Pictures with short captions

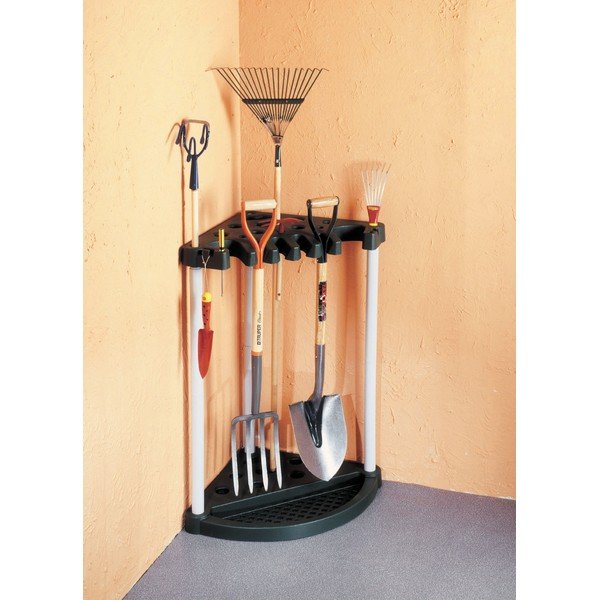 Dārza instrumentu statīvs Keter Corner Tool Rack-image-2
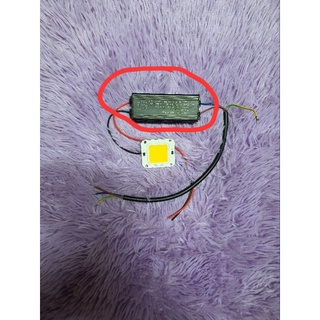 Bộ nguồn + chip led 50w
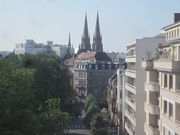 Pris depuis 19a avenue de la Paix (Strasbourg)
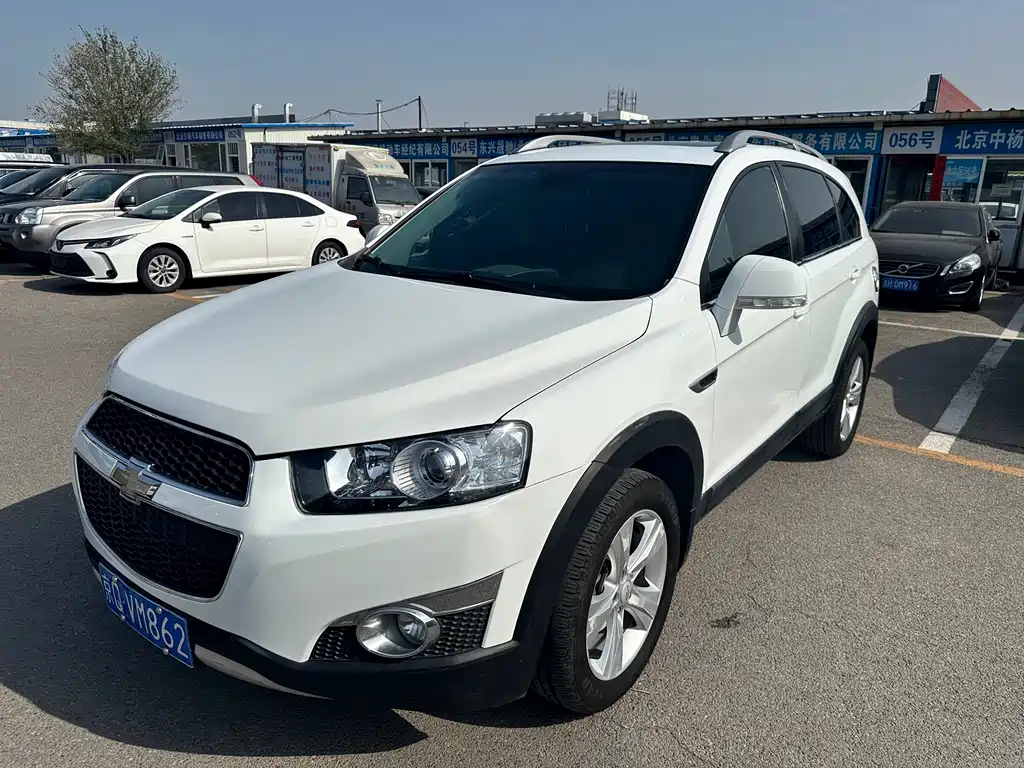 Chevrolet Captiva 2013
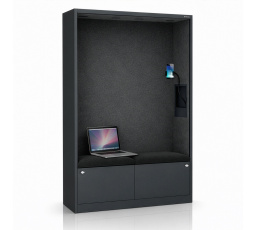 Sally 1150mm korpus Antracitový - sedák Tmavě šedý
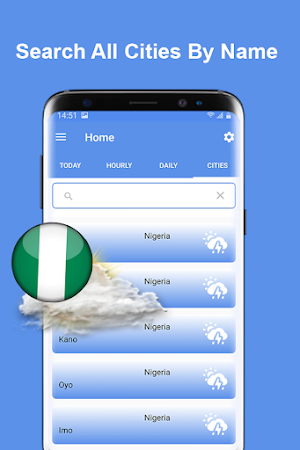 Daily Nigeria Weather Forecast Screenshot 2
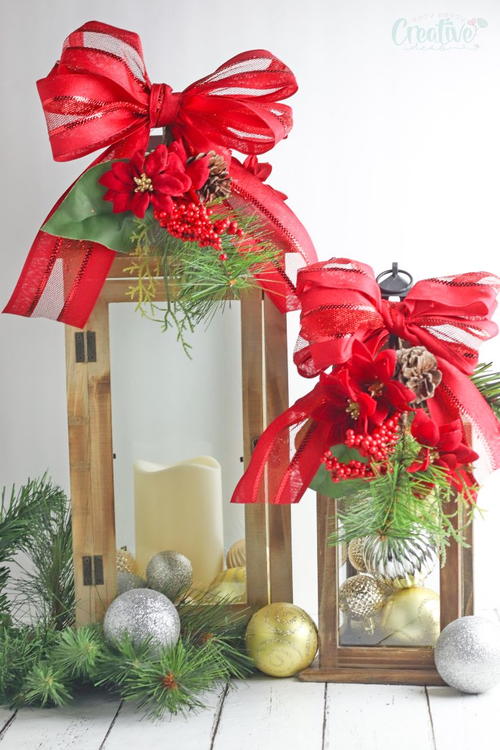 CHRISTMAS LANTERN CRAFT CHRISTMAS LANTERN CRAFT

WORK REQUEST.
Can the lines from the one with "Daily Nigeria Weather Forecast Screenshot 2" to the end of the records above be quoted exactly, both ends included, with every picture omitted?

ANSWER TO THIS TASK.
 Daily Nigeria Weather Forecast Screenshot 2
 CHRISTMAS LANTERN CRAFT CHRISTMAS LANTERN CRAFT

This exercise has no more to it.